Um jornal deles, o ABC Color, estampou na capa dias trás: “Nueva Triplice Alianza envia duro mensaje a el Paraguay”, ou algo assim, em espanhol.

Os paraguaios, de bobos, não têm nada, e sabem muito bem onde colocar o dedo, e em qual ferida do nosso passado.

Mas, caros sulvinteumenses, que Tríplice Aliança é essa, se ela inclui Chile, Equador, Peru, Venezuela, Colômbia, Brasil, Bolívia, Uruguai, Argentina, além do Brasil? Ela não é tríplice, mas é a aliança de todos os países sul-americanos dizendo a mesma coisa: que algo estar na constituição não é a mesma coisa que ser justo ou válido. Todo contrato vale não pelo que está escrito, mas pelo que aquilo significa, na prática. E o rito que a constituição paraguaia prevê é o equivalente técnico a um bom e velho fuzilamento do Ceasescu, aqueles que são realizados por via das dúvidas e antes que o morto possa virar zumbi.

Acho que desde o Tratado de Westfalia, pelos idos de 1648, por aí, que os estados são considerados independentes e responsáveis pelo que acontece dentro de suas fronteiras. Estamos nos metendo em briga de marido, marido, marido, e marido, no mínimo.

Esse é um direito que temos?

Por outro lado, se simplesmente ignoramos um atropelo desse porte à eleição livre e democrática que trouxe Lugo ao poder, em um país que assinou um compromisso democrático ao se associar ao Mercosul, estamos sendo omissos ou pior, coniventes.

O congresso paraguaio resolveu remover o presidente legitimo do país por suposta incompetência no exercício da função. Sem querer afirmar que Lugo mereça ou não essa sentença, se pode questionar, no mínimo, como foi que o congresso paraguaio não demitiu a todos os presidentes que vieram antes de Lugo, pelo mesmo critério.

Não é possível aceitar uma justificativa dessas sem nos tornarmos todos cúmplices em uma comédia nada engraçada, acontecendo aqui ao nosso lado.

Uma constituição não quer dizer muita coisa, a não ser que seja realmente expressão do desejo de uma nação. Uma constituição não vale pelo seu texto, mas por sua interpretação e consequência. Não é uma constituição que define o grau de legitimidade de um governo, ou congresso, mas a intenção por traz dos movimentos que ele realiza. Sem extrapolar os limites de suas respectivas constituições, Lula pode ser um democrata e Chávez um déspota. Assim são as coisas.
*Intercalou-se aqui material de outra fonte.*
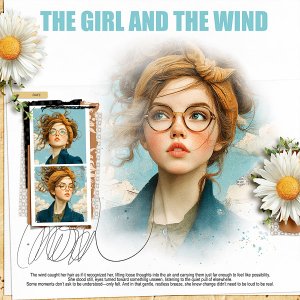 The girl and the wind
O que aconteceu no Paraguai foi uma ruptura do que é saudável em uma democracia. O Paraguai é membro do Mercosul e assinou um tratado que o obriga a se comportar de maneira diferente da utilizada por seus desmiolados congressistas golpistas. Portanto, os sócios de tratado podem e devem avaliar o que aconteceu, de fato, e agir de acordo com o que foi previamente assinado por todos. É do jogo. O Paraguai, como estado independente, fez o que quis, e deve bancar a sua escolha. Sentindo o calor das consequências, quem sabe eles vão pensar muitas vezes antes de aprontar outra dessas, no futuro? Isso é o que se pode esperar.

A democracia, na prática, é a arte de aguentar a dor na cacunda até a próxima eleição. Enquanto isso, vencedores não pode infernizar os demais; perdedores não podem virar a mesa. Essa é a regra do jogo, exatamente a que o Paraguai não soube jogar. Cabe a nós, como sócios e colegas de continente, dizer a eles que sentimos muito, mas não. Se isso for dita da maneira correta, que é firme e sem gritos, eu acho que eles vão entender. Melhor pra eles, melhor pra todos.

* Imagino que muitos dos estimados leitores estejam especulando sobre as emoções desse colunista diante dos afagos do PT do RS ao PCdoB nessa eleição, ou do PT de São Paulo fazendo foto com o Dr. Paulo e escolhendo uma vice pcdobista. Que fique aqui claro que entre ser vencedor nas suas teses, e estar certo, esse colunista vai preferir sempre, sempre, sempre, estar certo.